◆ **DATASET ENTRIES**
------------------------------------

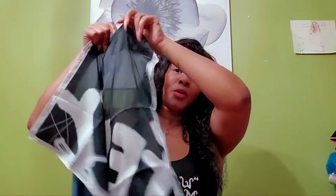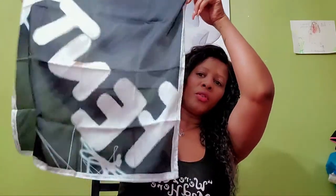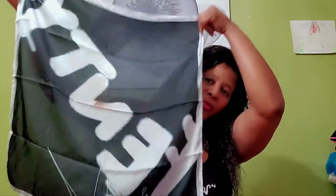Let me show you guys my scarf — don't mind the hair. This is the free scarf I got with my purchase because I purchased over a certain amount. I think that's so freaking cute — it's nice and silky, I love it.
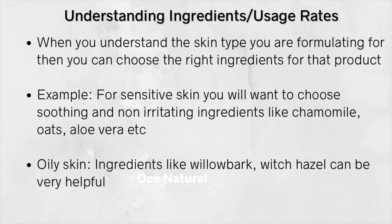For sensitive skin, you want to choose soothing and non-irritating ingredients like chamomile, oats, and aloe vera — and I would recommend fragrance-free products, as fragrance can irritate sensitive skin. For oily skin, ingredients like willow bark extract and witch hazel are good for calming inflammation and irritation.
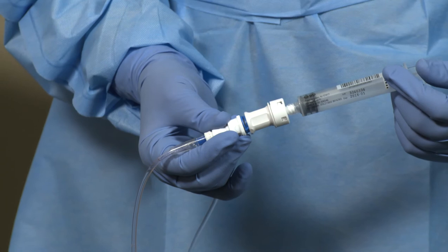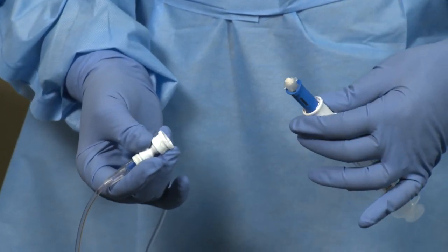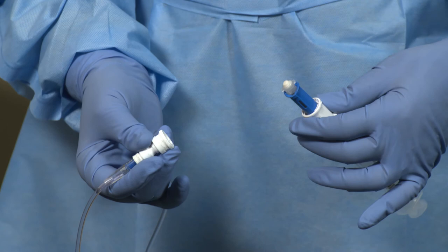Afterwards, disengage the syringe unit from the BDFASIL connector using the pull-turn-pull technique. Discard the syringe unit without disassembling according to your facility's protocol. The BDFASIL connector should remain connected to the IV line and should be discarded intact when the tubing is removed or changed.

------------------------------------

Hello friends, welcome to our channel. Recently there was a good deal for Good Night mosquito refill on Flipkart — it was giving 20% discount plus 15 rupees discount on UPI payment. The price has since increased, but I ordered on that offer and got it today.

------------------------------------

◆ **TASK INSTRUCTIONS**
Copy only what runs above from the line containing "Let me show" through the line containing "For sensitive skin, you", exactly. Leave out the pictures.

◆ **SOLVED PROBLEM**
Let me show you guys my scarf — don't mind the hair. This is the free scarf I got with my purchase because I purchased over a certain amount. I think that's so freaking cute — it's nice and silky, I love it.
For sensitive skin, you want to choose soothing and non-irritating ingredients like chamomile, oats, and aloe vera — and I would recommend fragrance-free products, as fragrance can irritate sensitive skin. For oily skin, ingredients like willow bark extract and witch hazel are good for calming inflammation and irritation.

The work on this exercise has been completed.